OK. I'm working on a SA-43 (From Space: Above and Beyond), and would very much like to add landing gear. But, I can't seem to find what the gear is from. I've been told it's from a Cessna. But I know Cessnas. And my best effort has not yeilded a hit. They look like F-16 rear, with mods. But the front... UGH!!! They look so familiar. When I do find out what they used, I'm going to feel like an idiot, cause I'm sure I know what they are. I just haven't made the connection.

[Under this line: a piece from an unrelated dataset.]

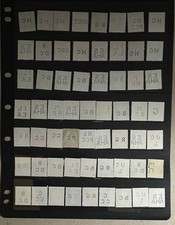 GB Definitive Perfin Stamps x 60 (Lor 1882)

So, anyone got any ideas at all??

*Here is a decent pic of the gear.*


----------



## djnick66 (May 2, 2008)

I would use an F-4 Phantom nose gear


----------



## cbear (Aug 15, 2000)

How about an F/A-18



Chuck


----------



## Johnnycrash (May 28, 2002)

Both are good candidates, but... Not quite right.  What I'll end up using may be wrong, but can be modded. I am hoping to ID the realy deal. And then, it won't be available in kit form anyways. 

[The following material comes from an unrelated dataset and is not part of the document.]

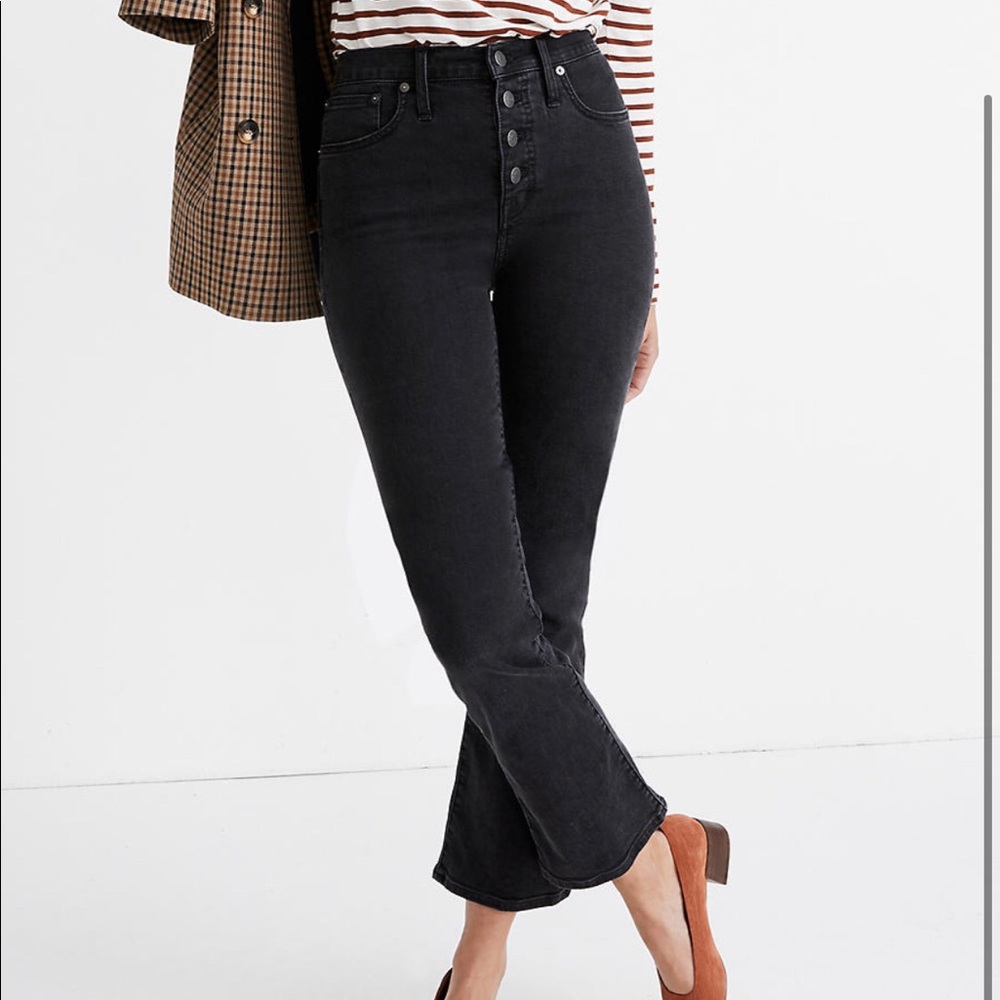Madwell Cali deni boot jeans - button front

I have ruled out S-3, A-4, F-4, F-5, A-6, A-7, F-8, F-14, F-15, F-16, YF-17, F-18, F-20, TSR-2, J-35/TF-35 Draken, JA-37 Viggen, SA-39 Gripen, F-111.


----------



## djnick66 (May 2, 2008)

If its from some Cessna jet, Hasegawa did a 1/48 Citation. Honestly, I wouldn't sweat it making a model of a movie prop... I would find someone close and go from there.


----------



## papaace (Aug 23, 2009)

Harrier possible AV8!


----------



## papaace (Aug 23, 2009)

my second try sorry harrier nose has one wheel! Rafale navy version.


----------



## steve123 (Feb 9, 2009)

The rears look like Avro Arrow...

The front looks like f-8 crusader or A-7 (Same Gear) or, F-4


Steve


----------



## djnick66 (May 2, 2008)

its a movie prop... thers a good chance that its just some tube and "plumbing" mocked up for the model.


----------



## steve123 (Feb 9, 2009)

Go lay down then. The poor guy is trying to get close. and we are trying to help him.

Steve


----------



## djnick66 (May 2, 2008)

If it is parts from a real plane (they they look somewhat small compared to the beefy landing gear on actual jets) I would assume they come from something fairly common. If the movie prop was made in the USA... I doubt they would use gear from say a Saab Drakken or Eurofighter Typhoon... 

Older stuff they could rob for parts... Grumman S2F, E2C, T-38, F4, A7, A6, F8, A4, T2C
Or they could be from a civilian plane... although there arent any/many models to take parts from. Perhaps the Hasegawa or old IMC/Testors Lear Jet, if that has two nose wheels.


----------



## steve123 (Feb 9, 2009)

I know what I'm talking about at least with the main mounts..lol
Avro Arrow.


----------